Problem: Imbalanced Dataset
Our dataset is highly imbalanced, making the model more efficient at identifying legitimate transactions than fraudulent ones, which renders it ineffective when identifying new fraud cases.
Tradeoff: Recall vs. Precision
Our objective is to maximize recall and trade a bit of the precision, as it is less financially damaging to predict “fraud” on non-fraudulent transactions than to miss any fraudulent ones.
Balancing the classes by resampling the minority upscale (fraudulent transactions) to have the same frequency as the majority class (non-fraudulent).
The dataset was split into train and test, in order to train our models and objectively measure their performance.
A series of diverse algorithms were computed to classify whether a transaction was deemed fraudulent or legitimate.
Models run were Logistic Regression, Random Forest, LGBM Classifier, Multi-layer perceptron (MLP), XGB, KNN, SVM & ADABoost.
The LGBM classifier excels in classification tasks, with high accuracy on both training and test sets. To improve performance, we’re using hyperparameter tuning. This technique fine-tunes the model to reduce overfitting and underfitting.
Using randomized search, we found the optimal parameters for our LGBM classifier, resulting in our accuracy increasing from 98.6% to 99.03%
In this study, we aimed to understand the importance of each feature in determining fraudulent transactions using the best model we developed.
To achieve this, we ran a feature importance visualization, which allowed us to gain insight into the relative importance of each feature in the model.
The results of the visualization revealed that the two features emerged as the most significant attributes in determining fraudulent transactions are:
(1) “Time Diff between first and last (Mins)”: Time difference between the first and last transaction.
(2) “Unique received from addresses”: Total Unique addresses from which account received transactions.
(1) “Time Diff between first and last (Mins)”
“Time Diff between first and last (Mins)” can be a good indication of fraud on the blockchain because it can help detect suspicious activities that occur within a short period of time. For example, if a large number of transactions are made within a very short time frame, it could indicate that the transactions are being made by a bot or an automated script rather than by a human.
Additionally, it can be a sign of a coordinated attack where multiple transactions are made simultaneously to flood the network with fake transactions.
(2) “Unique received from addresses”
“Unique received from addresses” can be a good indication of fraud on the blockchain because it can help detect suspicious activities that involve multiple addresses.
For example, if a single transaction is made from many different addresses, it could indicate that the transactions are being made by someone who is attempting to evade detection.
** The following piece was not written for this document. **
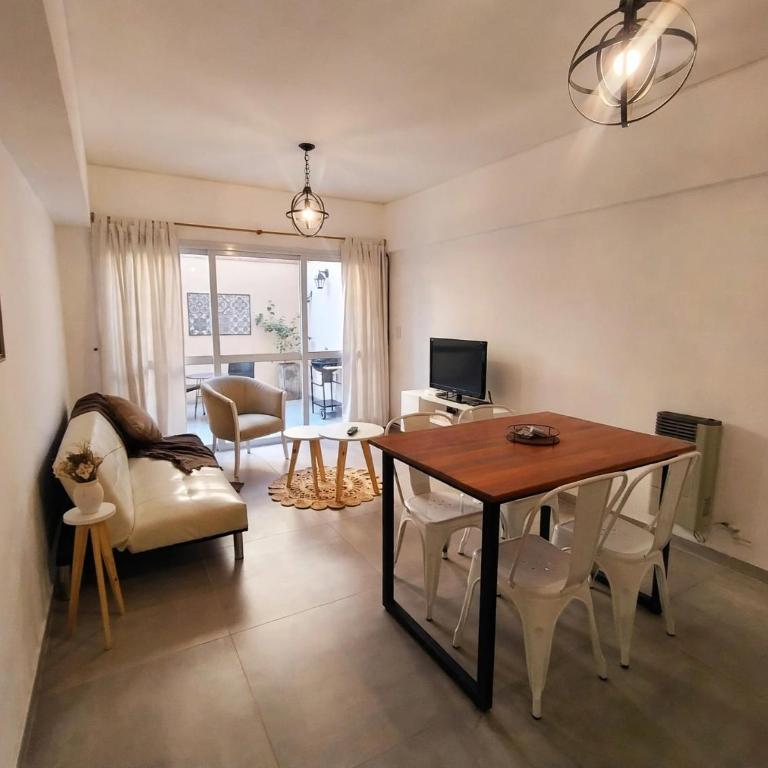 Patio Montevideo - Apartamento de 1 dormitorio - 1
It could also indicate a case of a group of individuals working together to commit fraud, or a possible money laundering operation.
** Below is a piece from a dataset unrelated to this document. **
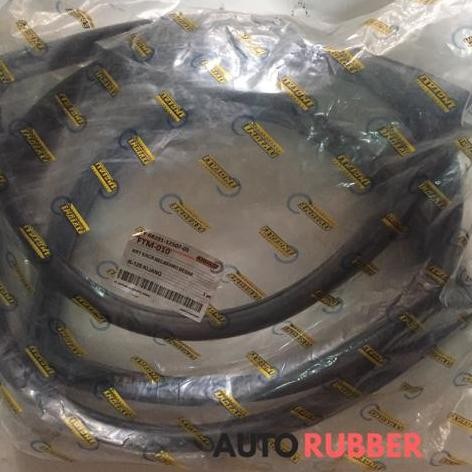Karet Kaca Belakang Kijang Super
Moreover, having multiple sources of funding in a transaction, or many different “from addresses” could also be a sign of a transaction that was made by an entity that may not have the proper authorization to make the transaction, or an entity attempting to anonymize its identity.
These findings can assist organizations in allocating resources towards the detection of these specific attributes during the transaction monitoring process, ultimately leading to more efficient and effective fraud detection.
Furthermore, such visualization of feature importance can be useful for other researchers and practitioners in the field of fraud detection, providing a valuable starting point for further research and development.